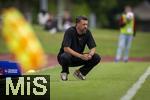 25.07.2025, Fussball 1. Bundesliga 2025/2026,  Testspiel Rot-Weiss Essen - FC Augsburg, im Donaustadion Dillingen, Schwaben. Trainer Sandro Wagner (FC Augsburg) nachdenklich an der Seitenlinie. 

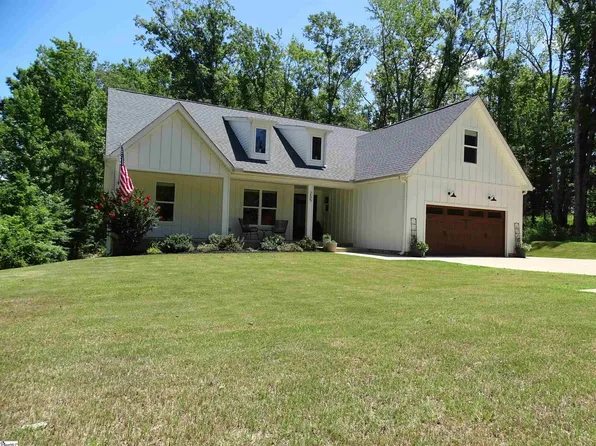 255 Gaston Dr, Woodruff, SC 29388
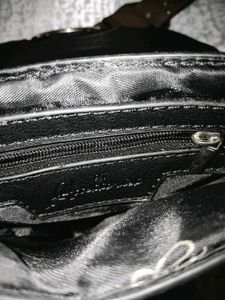 Luxury Leather Bag ✒️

#### EXERCISE GOAL
The expected result is the complete listing above, printed exactly, with no pictures.

#### WRITTEN REPLY
 25.07.2025, Fussball 1. Bundesliga 2025/2026,  Testspiel Rot-Weiss Essen - FC Augsburg, im Donaustadion Dillingen, Schwaben. Trainer Sandro Wagner (FC Augsburg) nachdenklich an der Seitenlinie. 

 255 Gaston Dr, Woodruff, SC 29388
 Luxury Leather Bag ✒️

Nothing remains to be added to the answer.